#### Material shown
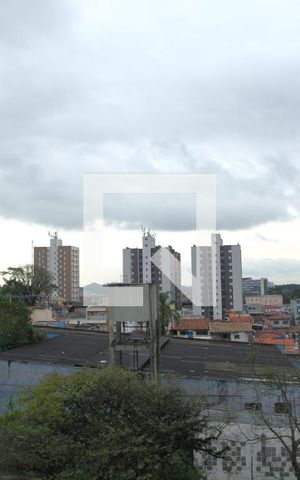 Apartamento à venda com 52m², 2 quartos e 1 vagaVista da Varanda da Sala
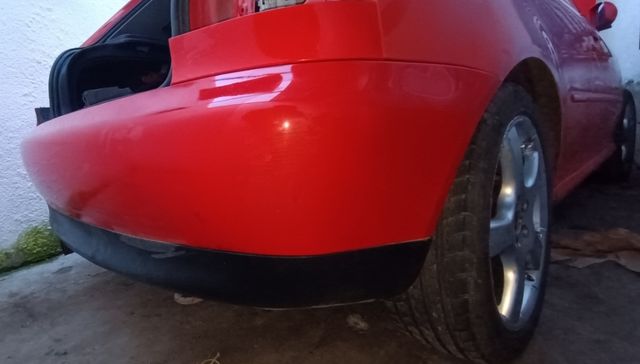 Defensa trasera Audi A3 8l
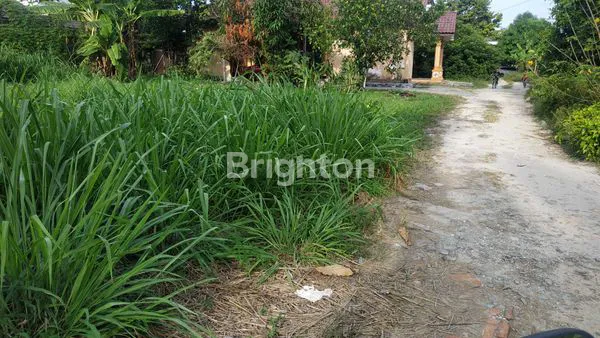 TANAH KAVLING SIAP BANGUN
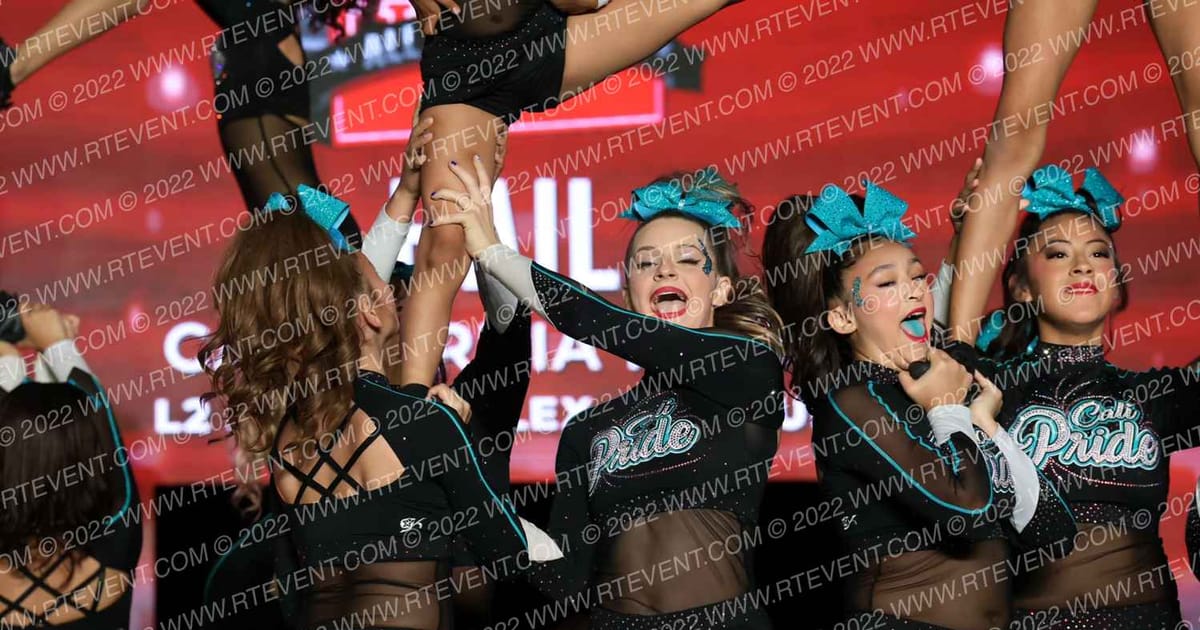 California Pride Hail · ATC Seattle Grand Nationals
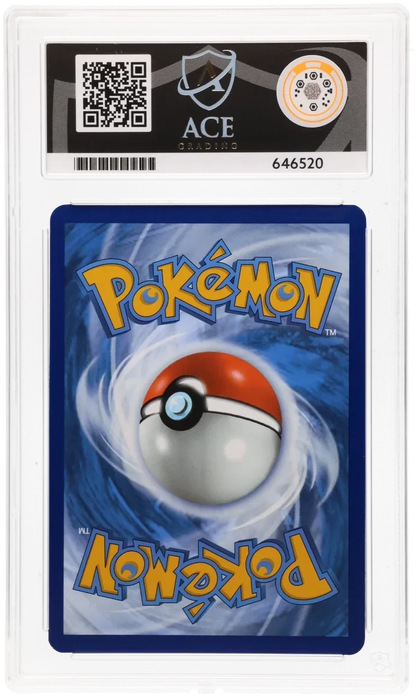 2025 BLACK STAR PROMO VICTINI #208 VICTINI ILLUSTRATION COLLECTION ACE GEM MINT 10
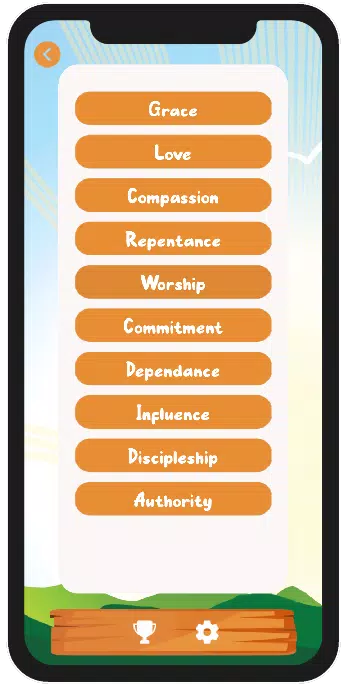 Prayer Covenant App Zrzut ekranu 1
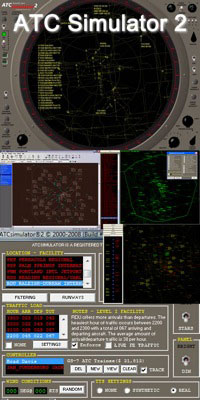 ATCSimulator2 Screenshot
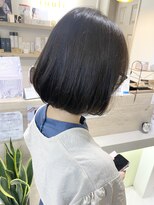 トゥーリ 長崎住吉店(tuuli)&nbsp;フェミニンボブヘア♪Narito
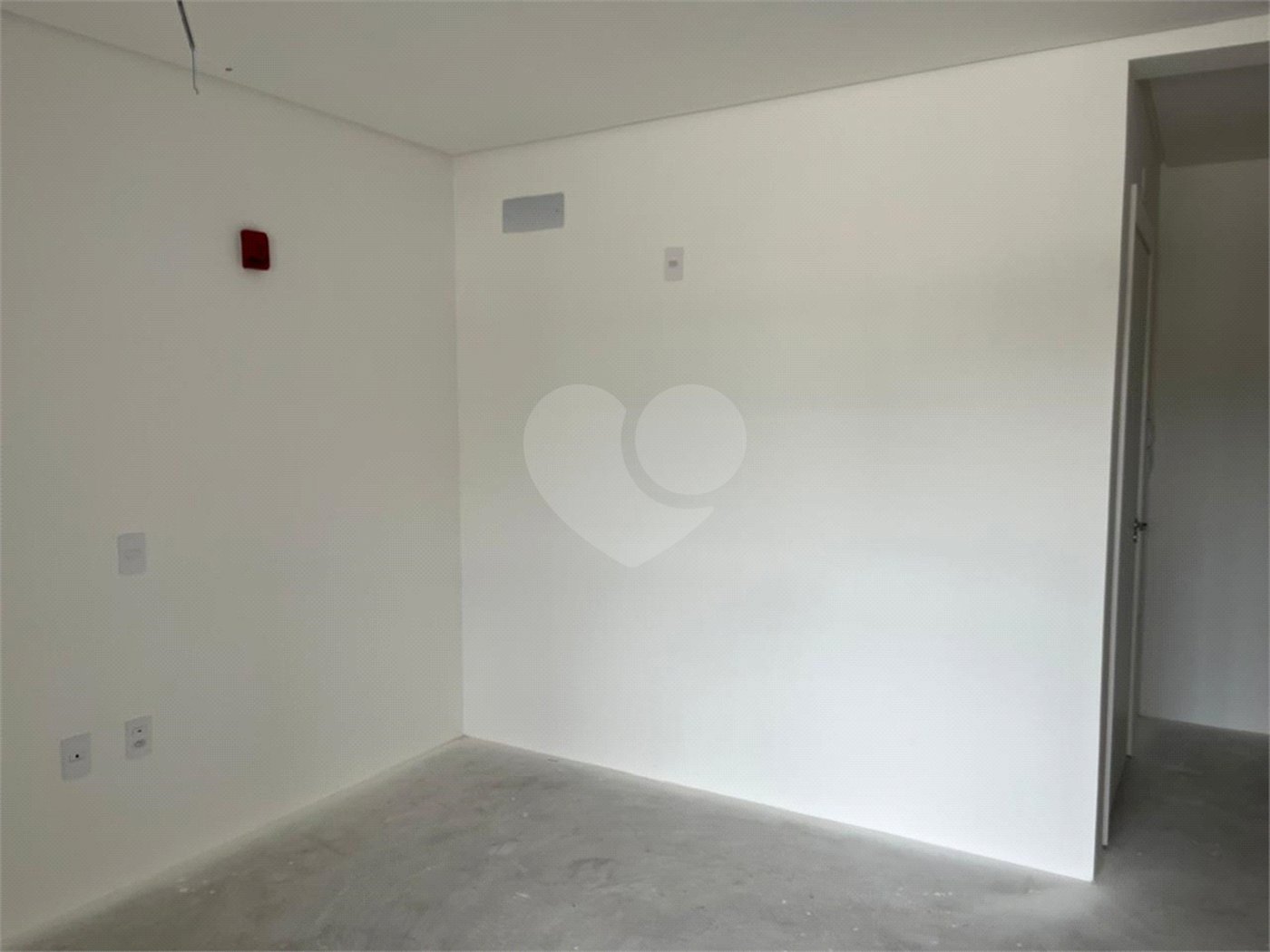 Apartamento à venda com 1 quarto em Alto da Boa Vista, São Paulo, SP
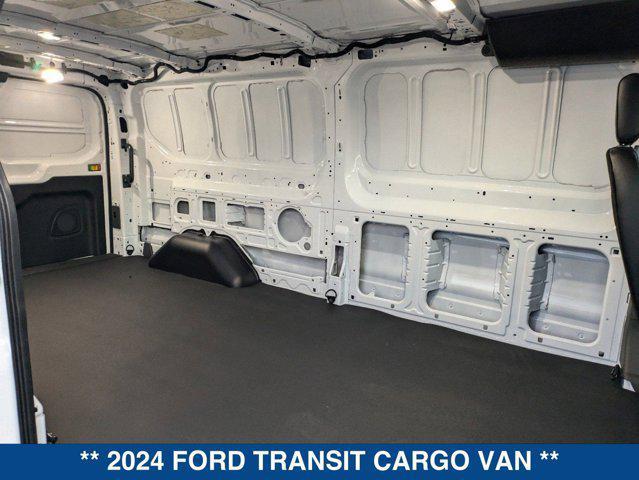 new 2024 Ford Transit-150 car, priced at $47,205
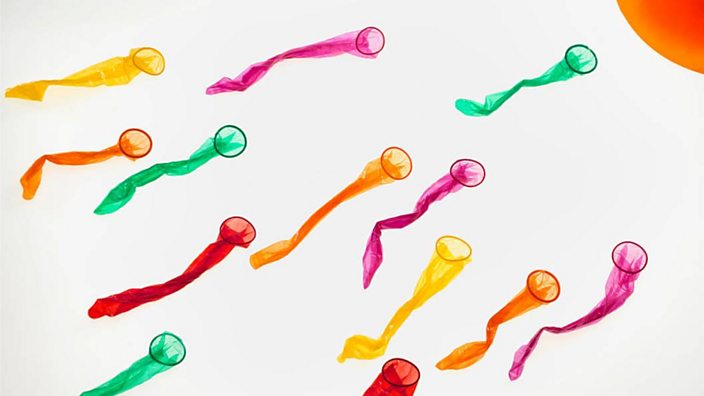 sperm as condoms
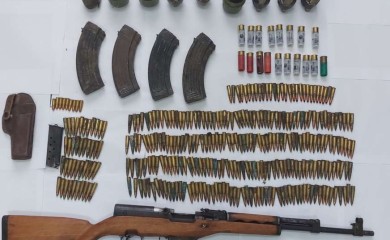 U Mrkonjić Gradu izvršena akcija "Kalibar", oduzeta veća količina oružja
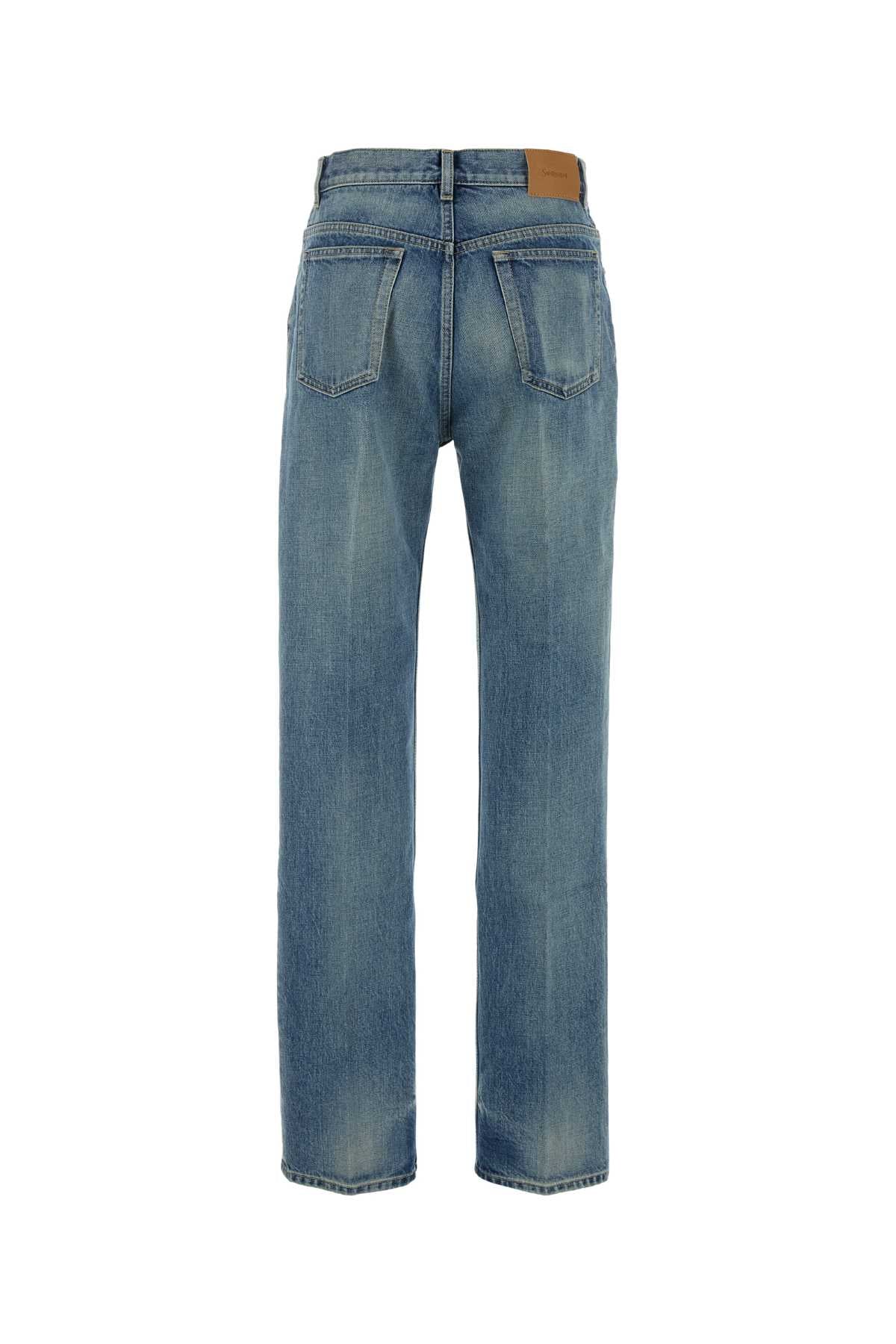 Benjaminblue Exteiror: Cotton Jean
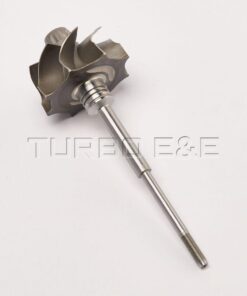 Ax turbina TW-1397R pentru turbine model K03 - imagine 2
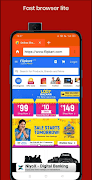 Fast Browser - Data safety Screenshot 3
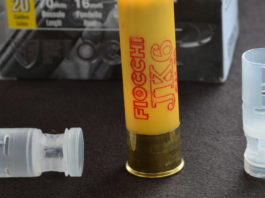 Fiocchi JK6 calibro 20: provata per voi Fiocchi JK6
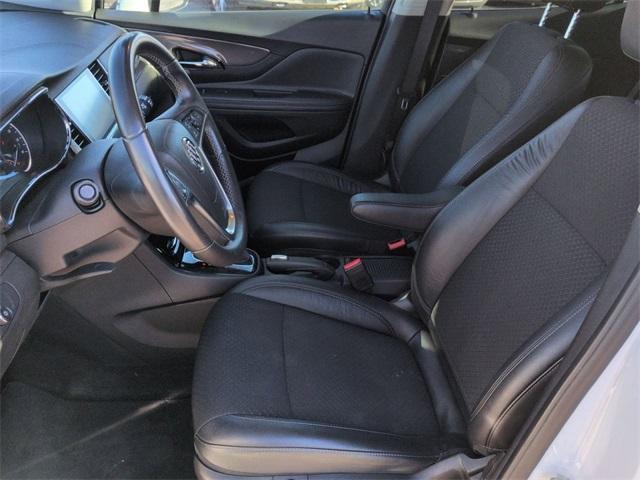used 2017 Buick Encore car, priced at $9,960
########
Lines wanted from the entries above: the one with "ATCSimulator2 Screenshot", the one with "U Mrkonjić Gradu", and all lines between. Please copy them exactly, without the pictures and without anything else.

- **Result for this exercise**:
 ATCSimulator2 Screenshot
 トゥーリ 長崎住吉店(tuuli)&nbsp;フェミニンボブヘア♪Narito
 Apartamento à venda com 1 quarto em Alto da Boa Vista, São Paulo, SP
 new 2024 Ford Transit-150 car, priced at $47,205
 sperm as condoms
 U Mrkonjić Gradu izvršena akcija "Kalibar", oduzeta veća količina oružja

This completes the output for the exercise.